American academic journal

Modern Age is an American conservative academic quarterly journal. It was founded in 1957 by Russell Kirk in collaboration with Henry Regnery. Between 1957 and 1976, the journal was published independently in Chicago. In 1976, it was acquired by the Intercollegiate Studies Institute, its current publisher.

==History==
===20th century===
In founding Modern Age in 1957, Russell Kirk hoped for "a dignified forum for reflective, traditionalist conservatism" and the magazine has remained one of the voices of intellectual, small-"c" conservatism to the present day.

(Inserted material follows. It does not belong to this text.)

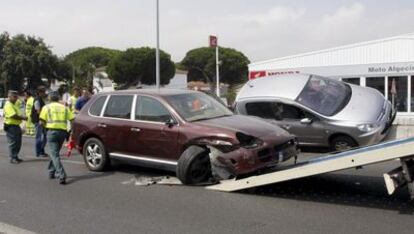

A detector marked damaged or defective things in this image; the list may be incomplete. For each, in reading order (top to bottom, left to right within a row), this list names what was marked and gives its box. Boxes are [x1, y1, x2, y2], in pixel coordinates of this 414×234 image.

crumpled hood [334, 86, 384, 122]
damaged maroon suv [72, 89, 298, 185]
crumpled hood [195, 114, 290, 138]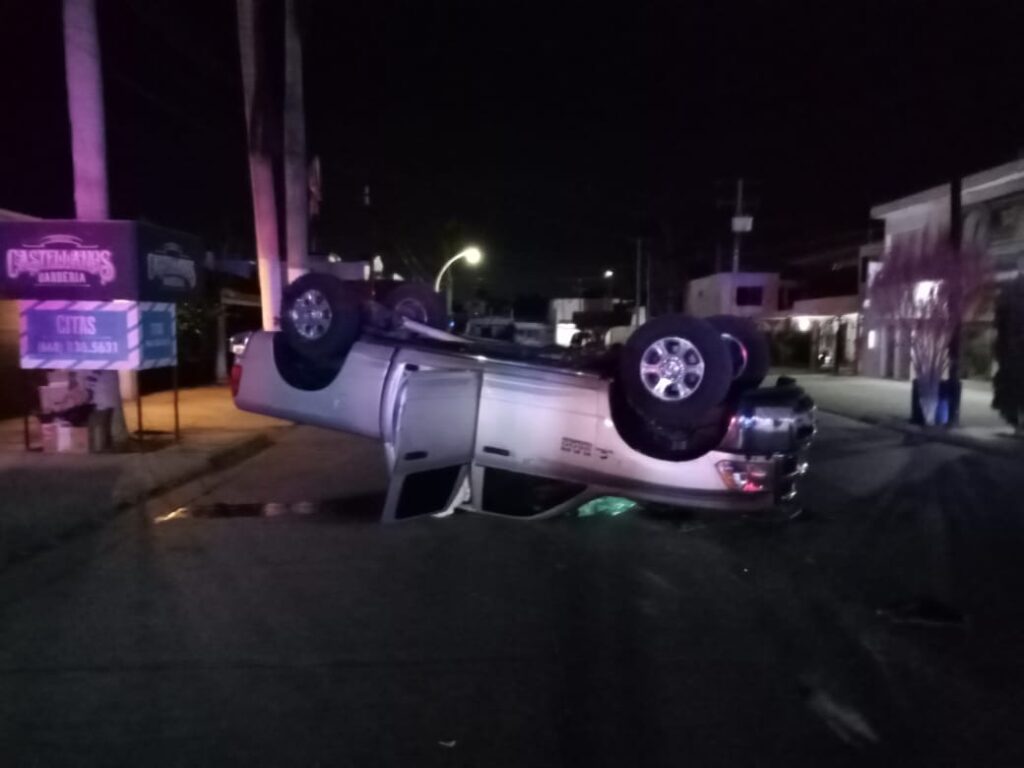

Reflecting the ideals of its founder, in its politics it is traditionalist, localist, against most military interventions, not libertarian, anti-Straussian, and generally critical of neoconservatism. In its religious sympathies it adheres to orthodoxy, whether Roman Catholic, Jewish, Eastern Orthodox, or Protestant.

Modern Age has been described by historian George H. Nash as "the principal quarterly of the intellectual right." Paul Gottfried, a professor at Elizabethtown College, has said that "Modern Age represents humanistic learning, reverence for the eternal, and the sense of human finiteness, values that (alas) have less and less to do with the academic presentation of the liberal arts."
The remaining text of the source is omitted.